As far as mirroring corruption between PRIMARY and SECONDARY goes: unfortunately, it depends. If the corruption is immediate and physical, then not normally -- the corruption is typically picked up by checks done at the end of the transaction and rolled back.
However, a database can exist in a corrupted state for some time before anything realises it is corrupted. If the underlying data pages are not touched, the engine never has cause to check them. So it is possible that underlying storage issues may mean that either database can become corrupted and you won't know until you attmept to access the affected pages. Traditionally, this would be a write operation, since your client connection will only read from the current active database (and not the partner).
This is why it is important to perform regular maintenance checks on your databases (e.g. DBCC CHECKDB
). This becomes harder in a mirrored environment because only PRIMARY can typically be checked, so you really have to induce a manual failover to test your SECONDARY (unless you are running Enterprise, where you might be able to snapshot the mirror and check that -- I've not tried).
Starting with SQL Server 2008, the engine will attempt something called Automatic Page Repair, where it tries to automatically recover corrupted pages it encounters during the mirroring process. You should probably keep an eye on sys.dm_db_mirroring_auto_page_repair if this is something you are worried about.
If it is logical corruption, where the wrong data is entered, this will push across to SECONDARY without any means of stopping it.
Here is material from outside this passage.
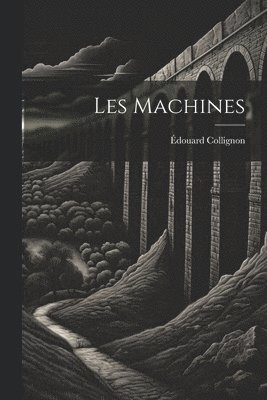 Les Machines 1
However, I should point out that your approach might leave you with other issues. Mirroring isn't backup. And mirroring isn't great over WAN links.
In synchronous mode, it receives the client request, then writes to PRIMARY, then writes to SECONDARY, gets the OK back from SECONDARY and then sends an OK back to the client. If it can't write to SECONDARY, or doesn't get the response from SECONDARY, it rolls back the operation on PRIMARY (even though it was successful) and sends a failure back to the client.
A failing WAN link (even temporarily) can cause PRIMARY to choose not to accept connections (because it can't see SECONDARY). A failover mid-connection can leave you in an invalid logical data state, so make sure your transactions are sound.
With a WITNESS server, this can be a little more robust -- placing the witness server alongside PRIMARY in the same LAN allows WITNESS and PRIMARY to form quorum and agree that PRIMARY is still working, even though it can't see SECONDARY (thus not locking you out of a perfectly functioning database).
Instead, over my slower site-to-site links, I prefer to use log shipping between PRIMARY and SECONDARY. With a bit of effort I can control the transport between sites so as to rate-limit over the WAN link and it is possible keep the log-shipped SECONDARY in a single-user standby mode. This allows me to run the standard DBCC CHECKDB
commands against SECONDARY, as well as also querying the SECONDARY for data reconcilliation purposes, too. I can also put a delay on the restoration, too, so I have some leeway to failover before a major logical data error reaches the SECONDARY (although that really depends on the RDO).
If I have a high-availability requirement, I might put in mirroring at the main site only -- i.e. two servers + witness. The relatively-quick few-second automatic failover time provided by the witnessed environment has saved me a few late-night calls, in the past.
Hope this helps.
J.